En effet les Syracusains, assiégés depuis quelque temps par les Carthaginois, avaient envoyé députés sur députés vers Pyrrhus pour le presser de venir à leur secours. Ce prince avait une raison particulière de prendre les intérêts de Syracuse, ayant épousé Lanassa, fille d'Agathocle, dont il avait eu un fils nommé Alexandre. Il partit enfin de Tarente, passa le détroit, et entra en Sicile. Ses conquêtes d'abord y furent si rapides, qu'il ne resta dans toute l'île, aux Carthaginois, qu'une seule ville, qui était Lilybée. Il en forma le siége; mais il fut bientôt obligé de le lever, tant il y trouva de résistance; et d'ailleurs on le pressait de retourner en Italie, où sa présence était absolument nécessaire. Elle ne l'était pas moins en Sicile; et, dès qu'il en fut sorti, elle retourna à ses anciens maîtres. Ainsi il perdit cette île avec autant de rapidité qu'il l'avait conquise.
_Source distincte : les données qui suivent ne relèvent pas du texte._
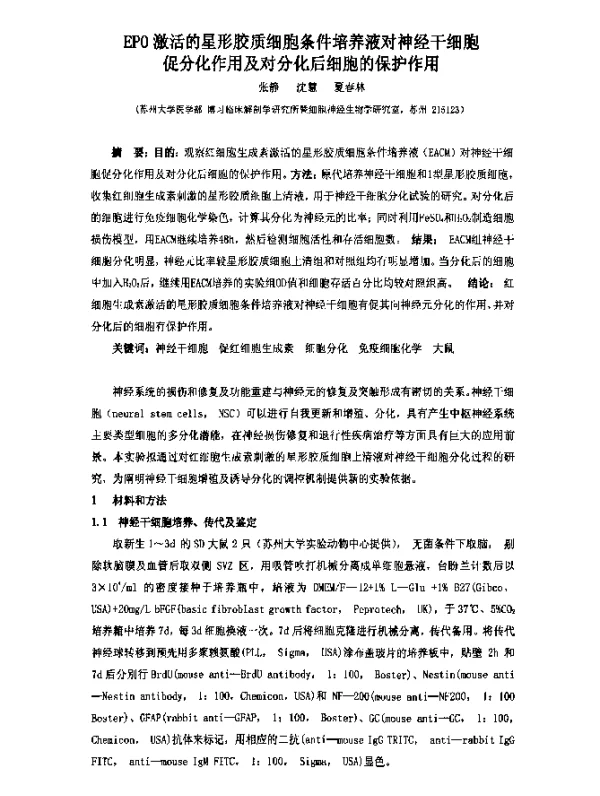 EPO激活的星形胶质细胞条件培养液对神经干细胞促分化作用及对分化后细胞的保护作用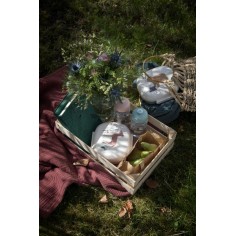 Sebra Lunch Box, Dragon Tales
Plut. in Pyrrh. pag. 398. Quand il se fut embarqué, tournant les yeux vers la Sicile: [238] Oh! le beau champ de bataille, dit-il à ceux qui étaient autour de lui, que nous laissons là aux Carthaginois et aux Romains! Et sa prédiction se vérifia bientôt.
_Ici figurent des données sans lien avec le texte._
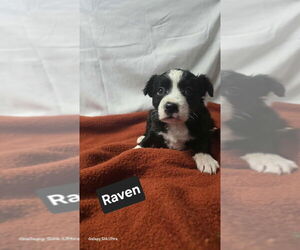 Mutt Dogs for adoption in Foristell, MO, USA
[Note 238: ][ (retour) ] Ὁίαν ἀπολείποµεν, ὦ φίλοι, Καρχηδονίοις καὶ Ῥωµαίοις παλαίσραν. Le mot grec est beau. En effet, la Sicile fut comme une palestre où les Carthaginois et les Romains s'exercèrent dans le métier de la guerre, et semblèrent, pendant plusieurs années, lutter les uns contre les autres.
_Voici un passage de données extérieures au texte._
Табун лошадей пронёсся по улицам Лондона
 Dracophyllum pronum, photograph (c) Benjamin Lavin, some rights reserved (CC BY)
Après son départ, la première magistrature de Syracuse fut déférée à Hiéron; et dans la suite on lui accorda d'un commun consentement le nom et l'autorité de roi, tant on se trouvait bien sous son gouvernement. Il fut chargé de la guerre contre les Carthaginois, et remporta sur eux plusieurs avantages; mais des intérêts communs réunirent les Carthaginois et les Syracusains contre un nouvel ennemi qui commençait à paraître en Sicile et qui leur donnait aux uns et aux autres de vives et de justes alarmes: c'étaient les Romains, qui, débarrassés de tous les ennemis qu'ils avaient eu à combattre jusque-là dans l'Italie même, se virent enfin en état de porter leurs armes au-dehors, et d'y jeter les fondements de cette vaste domination, dont il est vraisemblable que dès-lors ils avaient conçu l'idée et formé le projet. La Sicile était trop à leur bienséance pour ne pas songer à s'y établir. Ils saisirent avidement une occasion favorable d'y passer, qui se présenta pour-lors à eux, et qui causa leur rupture avec les Carthaginois, et donna lieu à la première guerre punique. C'est ce que nous exposerons plus au long, en rapportant les causes de cette guerre.


CHAPITRE II.

HISTOIRE DE CARTHAGE, DEPUIS LA PREMIÈRE GUERRE
PUNIQUE JUSQU'À SA DESTRUCTION.

Le plan que je me suis proposé ne me permet pas d'entrer dans un détail exact des guerres entre Rome et Carthage, ce qui appartient plutôt à l'histoire romaine, à laquelle je n'ai point dessein de toucher, si ce n'est en passant et par occasion. Je n'en rapporterai donc que ce qui me paraîtra le plus propre à donner une juste idée de la république dont j'entreprends de parler, en m'arrêtant principalement sur ce qui regarde les Carthaginois mêmes, et sur ce qui s'est passé de plus important en Sicile, en Espagne et en Afrique; ce qui ne laisse pas d'avoir une assez grande étendue.

J'ai déjà remarqué que, depuis la première guerre punique jusqu'à la destruction de Carthage, il s'était écoulé cent dix-huit ans. Tout ce temps peut se diviser en cinq parties, ou cinq intervalles.